In nanostructured systems pronounced quantum behavior can be observed. We develop the theoretical tools to better describe few and many-body quantum systems in the presence of correlations and coherence, and we use advanced nanodevices to experimentally observe these effects. Goals are the discovery of new quantum physics and its potential future use in advanced device design.
Transport spectroscopy of a nanowire double quantum dot (model and experiment). The notation indicates the 2-electron spin states that are involved in the transport. https://doi.org/10.1103/physrevb.98.245305
We focus on experimental and theoretical studies of the transport physics and application aspects of nanostructures and quantum devices made from
semiconductor heterostructures and nanowires, as well as emerging new materials.

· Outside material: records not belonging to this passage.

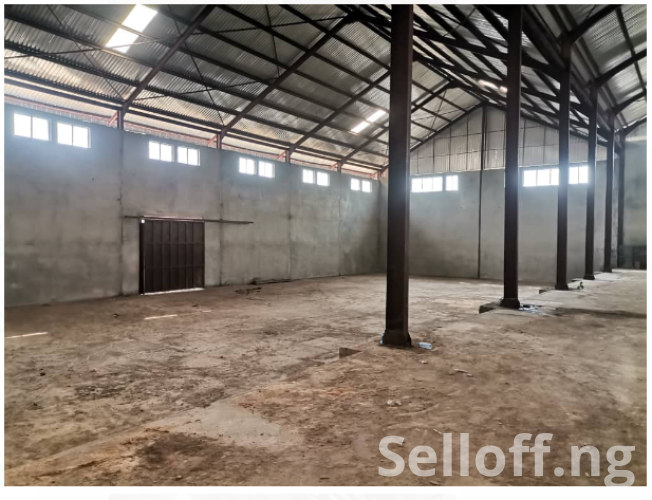 Warehouse of 2,700sqm  available for rent
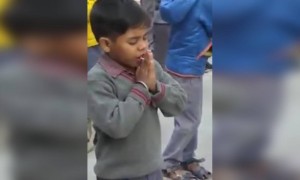 প্রার্থনা হোক না হোক, এই ছেলের ললিপপ চাই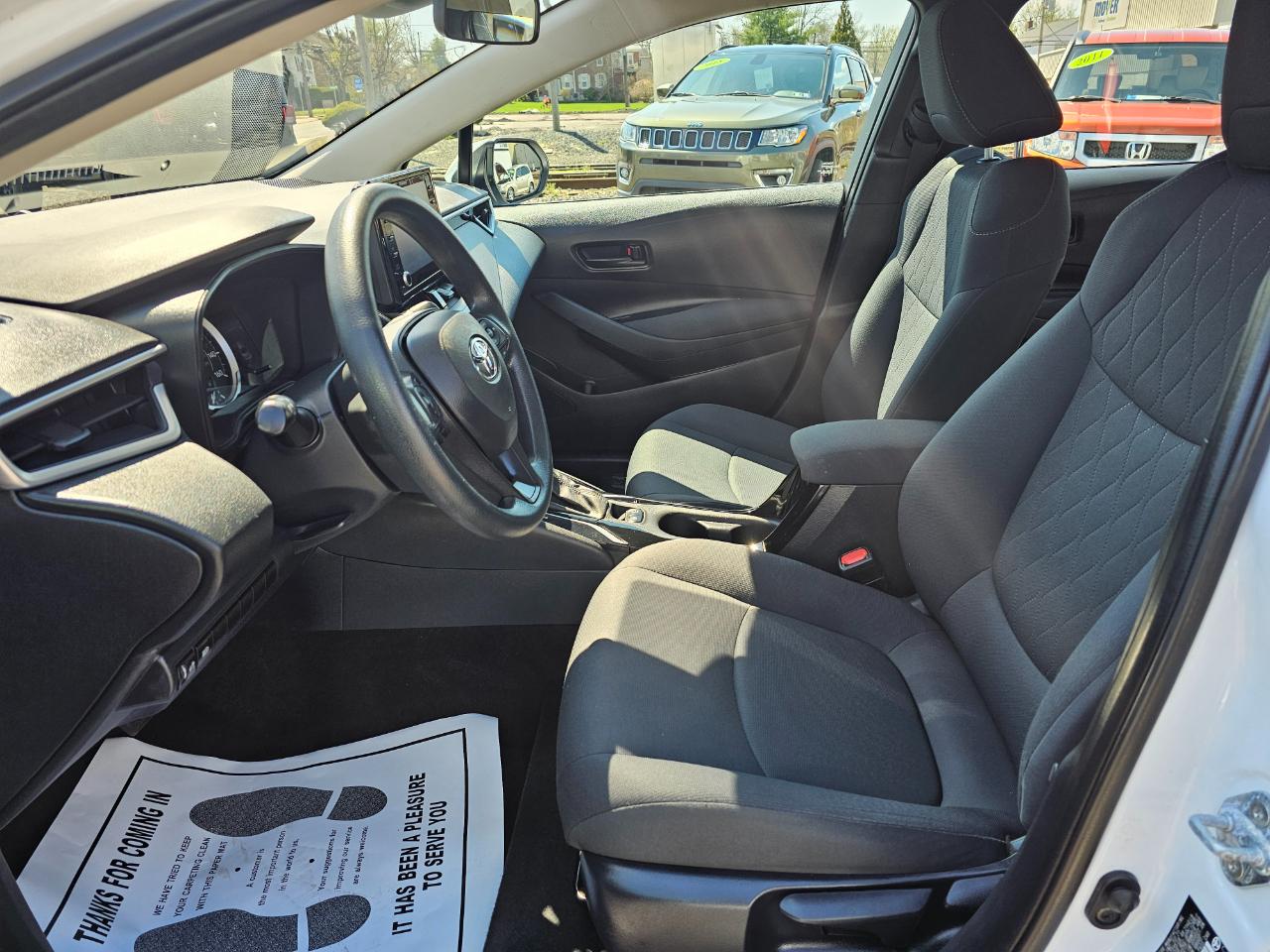 Toyota Corolla LE 2022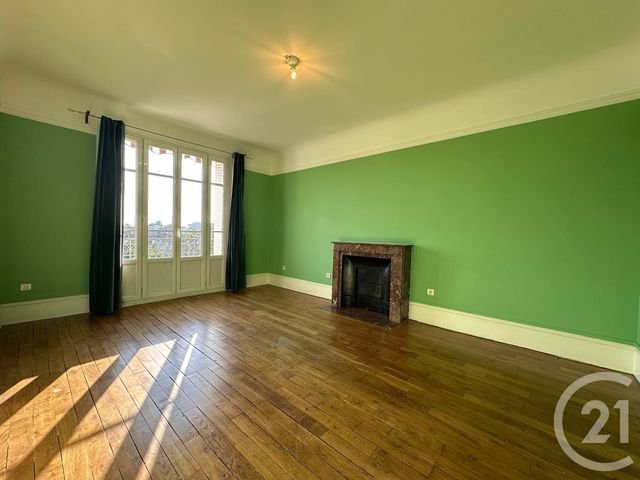 Appartement F5 à louer - 4 pièces - 113,28 m2 - Compiegne - 60 - PICARDIE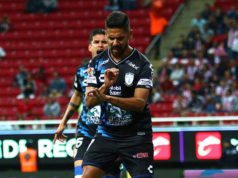 Pachuca vence 3-1 a Chivas y corta su racha de 5 partidos con victoria Pachuca vence 3-1 a Chivas y corta su racha de 5 partidos con victoria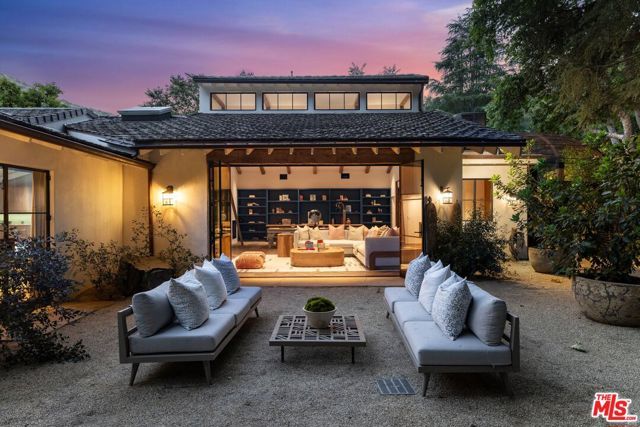 3099 Mandeville Canyon Road, Los Angeles, CA 90049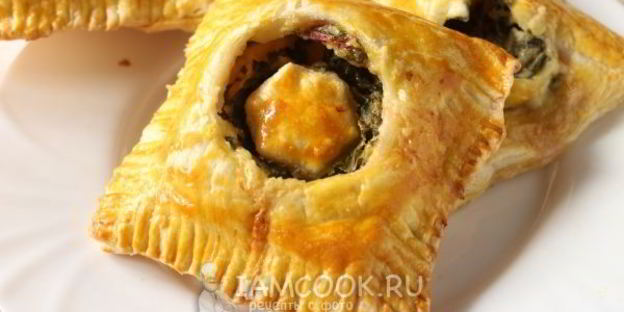 слойки с сыром и свекольными листьями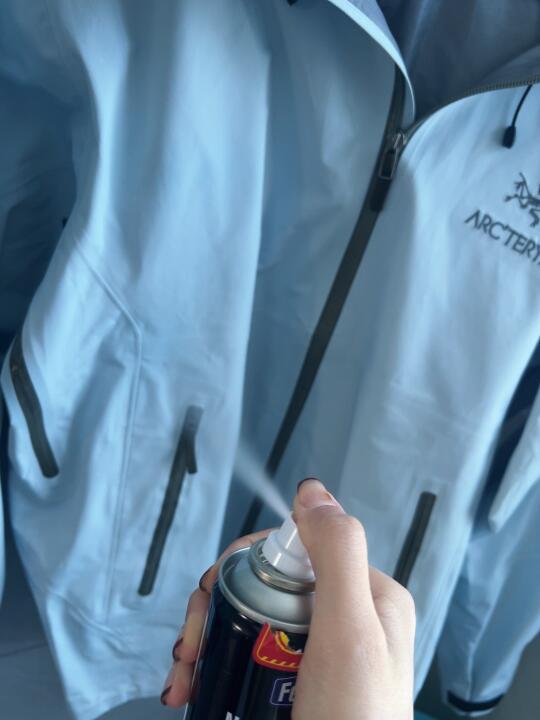 滑雪服清洗与保养指南：延长使用寿命的实用技巧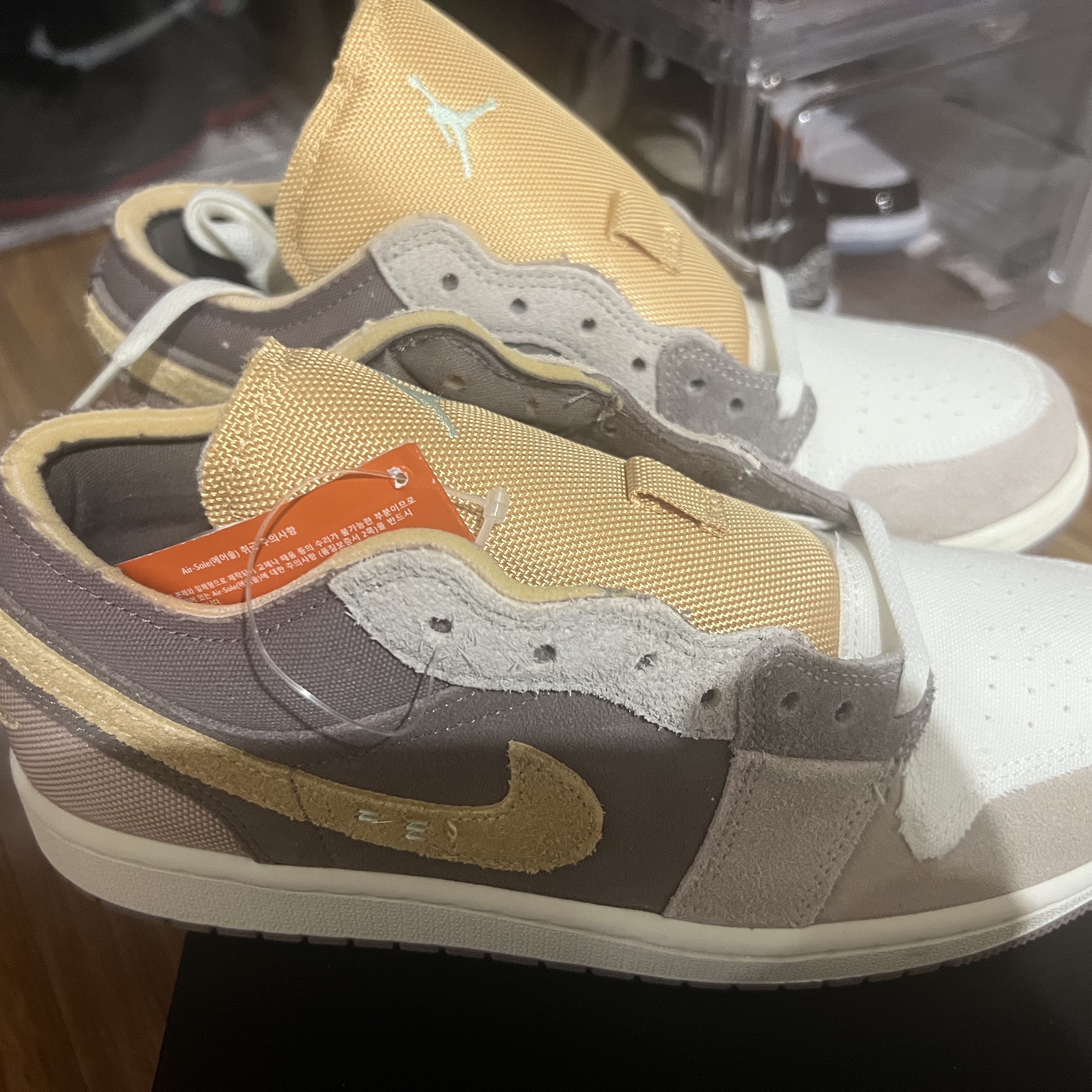 Jordan 1 Low SE Craft Taupe Haze 착용 스타일 - 1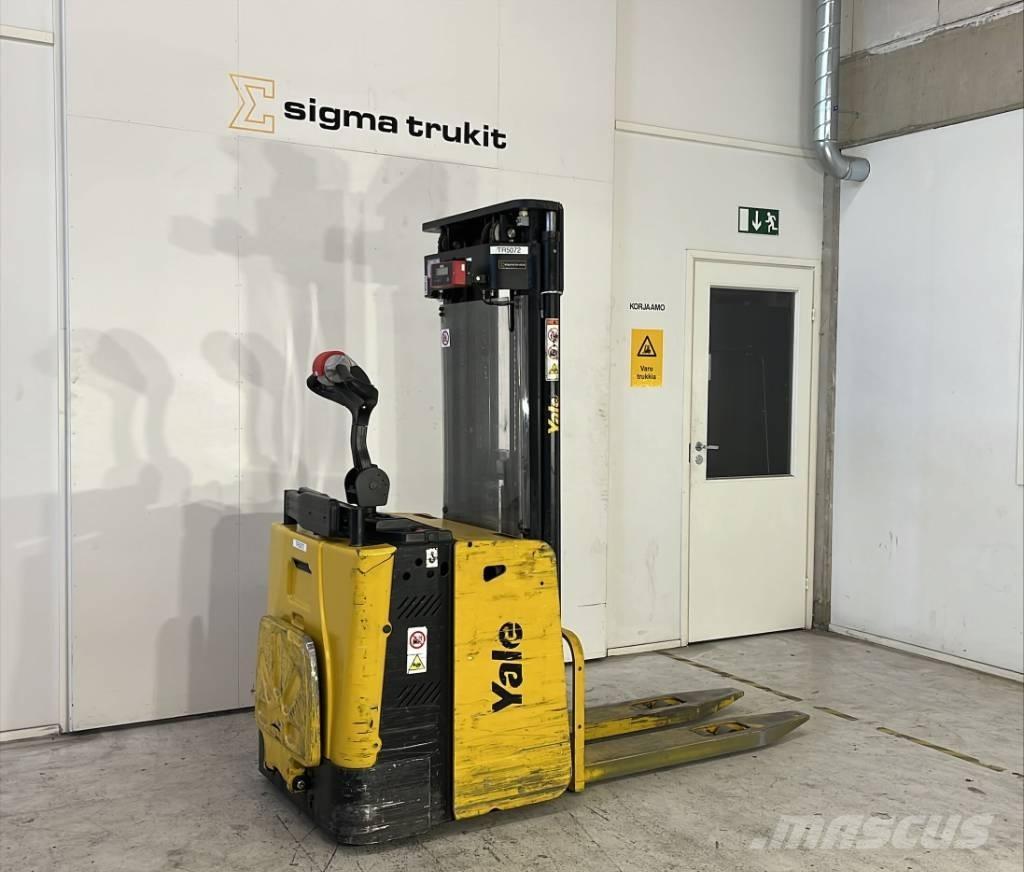 Yale MS 12 X Apiladores eléctricos autopropulsados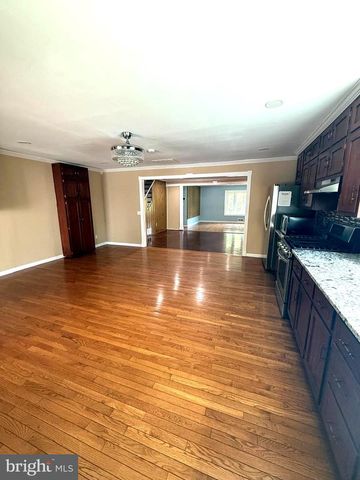 816 CROTHERS LN, Rockville, MD 20852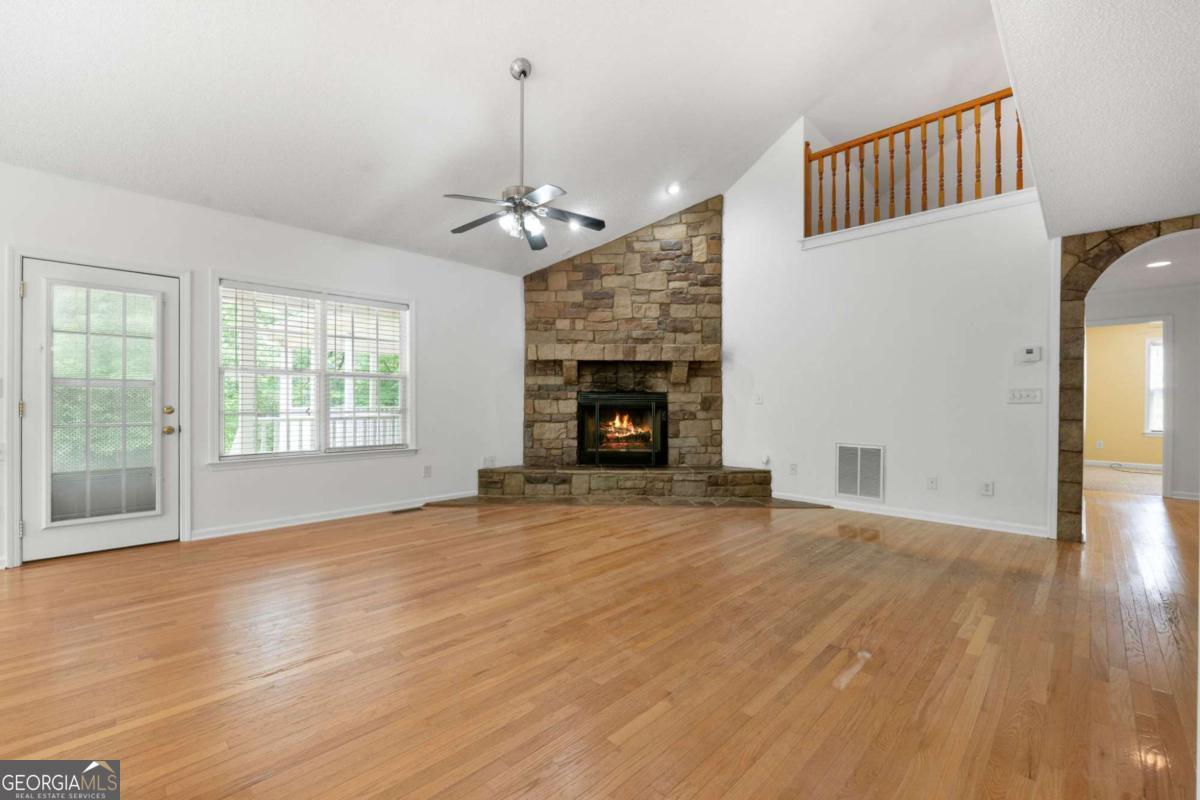 Jackson, Georgia, 30233, United States, 4 Bedrooms Bedrooms, ,3 BathroomsBathrooms,Residential,For Sale,1904373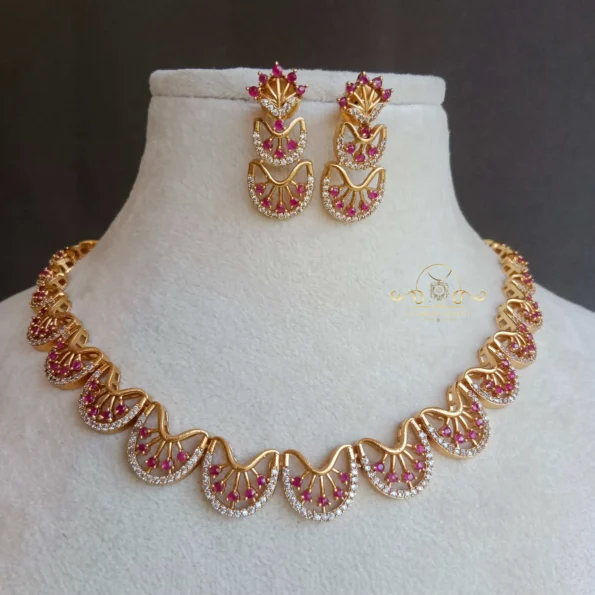 Pretty U-Shape Neckset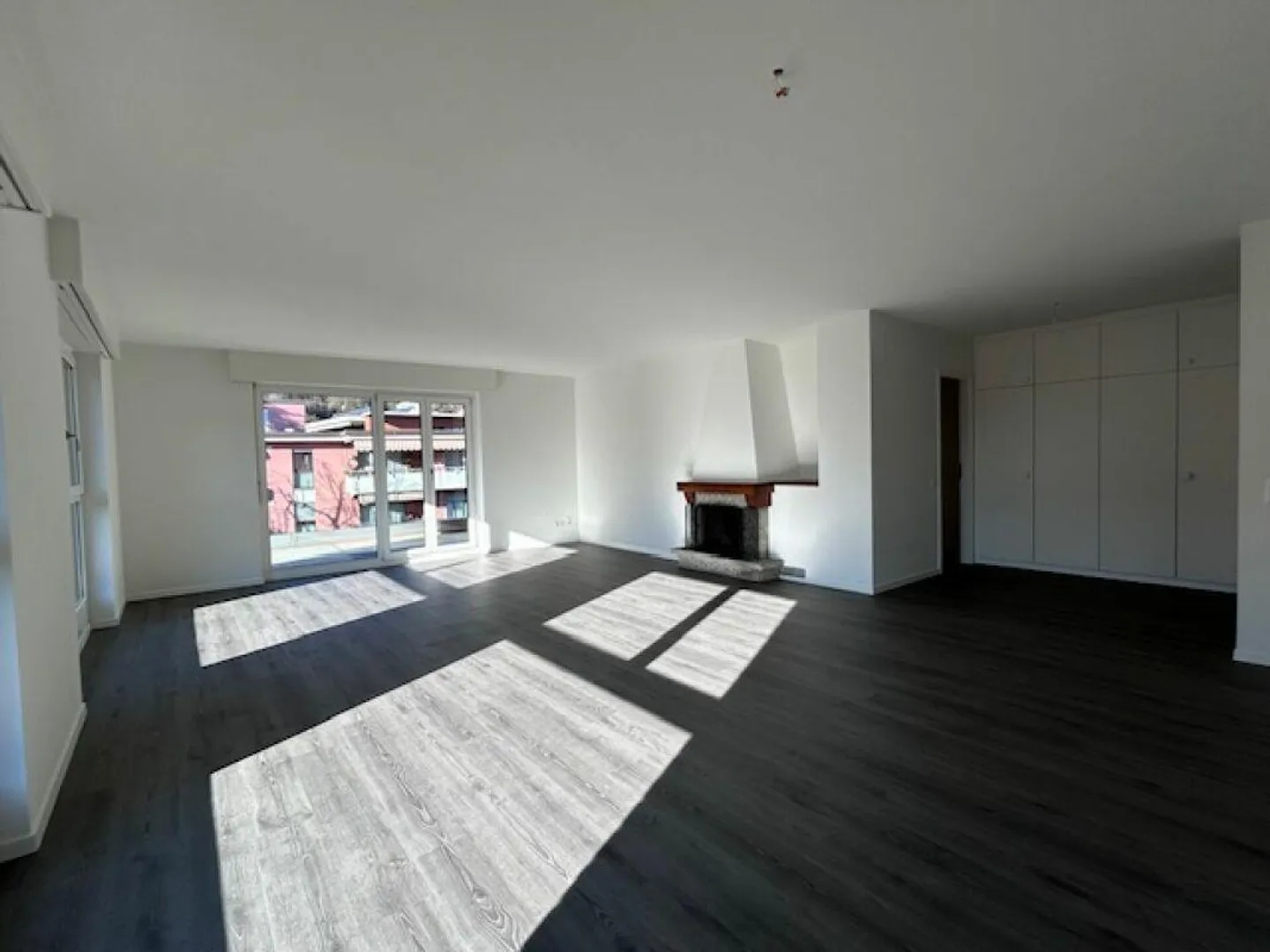 CENTRALE APPARTAMENTO DI 4.5 LOCALI CON CAMINO - COMPLETAMENTE RISTRUTTURATO - Foto 7 di 19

An ability to utilize quantum resources like the superposition of states and entanglement opens completely new perspectives for technology. The research focus of both experiment and theory is on generating and controlling long-lived coherent states and entanglement in different systems on the nanoscale.
We employ quantum thermodynamics to develop new paradigms for energy conversion and quantum devices at the nanoscale, where thermal and quantum fluctuations may conspire to profoundly alter the physical properties. We set focus on interacting few- or many-particle quantum systems where effects of quantum correlations, fluctuation statistics and quantum coherence lead to fundamentally new physics when reaching truly microscopic sizes far from the thermodynamic limit.
We focus on studies of light interacting with nanostructured materials, in both experiment and theory. Our motivation for this is to improve e. g. the in- and out-coupling of light into nanostructures which is of importance for electro-optical devices.